What are the savings you could make on EVs
A tax credit of up to $7500 is available to buyers who have met the income requirements. This program was created to lower the price of electric cars and can be used for plug-in hybrids as well.
The size of the vehicle’s battery will determine how many credits it is eligible for. Base incentive starts at $2,500, and goes up by $417 each 5 kWh battery to reach $7,500. After tax credits, a base Chevrolet Bolt EV priced at $31,500 with a 65kWH battery would be $24,000.
A person’s eligibility for tax credits will depend on their tax debt. To receive the maximum $7,500 tax credits, they need to owe at least that much.

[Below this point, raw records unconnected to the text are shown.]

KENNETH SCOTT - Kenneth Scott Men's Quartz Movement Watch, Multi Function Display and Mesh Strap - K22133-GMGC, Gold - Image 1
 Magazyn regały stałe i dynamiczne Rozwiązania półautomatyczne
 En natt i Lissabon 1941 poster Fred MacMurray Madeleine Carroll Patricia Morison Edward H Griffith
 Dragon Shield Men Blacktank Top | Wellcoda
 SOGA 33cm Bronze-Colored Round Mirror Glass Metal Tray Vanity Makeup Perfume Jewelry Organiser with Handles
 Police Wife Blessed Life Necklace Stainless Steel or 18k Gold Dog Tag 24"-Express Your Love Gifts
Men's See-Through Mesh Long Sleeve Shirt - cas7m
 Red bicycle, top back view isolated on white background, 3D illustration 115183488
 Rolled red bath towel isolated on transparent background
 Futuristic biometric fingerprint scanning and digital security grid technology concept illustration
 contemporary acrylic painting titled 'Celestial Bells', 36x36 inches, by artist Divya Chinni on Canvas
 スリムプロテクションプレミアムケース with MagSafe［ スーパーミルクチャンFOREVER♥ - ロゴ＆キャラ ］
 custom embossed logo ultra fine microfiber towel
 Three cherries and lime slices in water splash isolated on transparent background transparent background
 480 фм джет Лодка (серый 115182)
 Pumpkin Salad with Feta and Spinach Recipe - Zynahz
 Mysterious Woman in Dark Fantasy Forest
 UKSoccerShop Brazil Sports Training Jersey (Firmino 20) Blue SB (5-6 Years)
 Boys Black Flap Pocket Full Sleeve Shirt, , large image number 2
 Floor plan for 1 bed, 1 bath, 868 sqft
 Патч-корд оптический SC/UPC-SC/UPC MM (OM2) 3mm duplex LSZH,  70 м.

This legislation will also target used electric vehicles. For the first time, credit up to $4,000 is available for pre-owned vehicles that cost $25,000 less than new and are more than 2 years old. It is not necessary for used cars to meet the Made-in-America standards. “That could be a game changer down the road,” Roberts says, even though buying an electric vehicle for under $25,000 is “almost impossible right now” due to high demand. CarGurus data shows that the average car price is $30,863, with a $67,134 difference for Teslas. Auto analysts expect that used EVs will fall to $25,000 in the next 10 year with this legislation.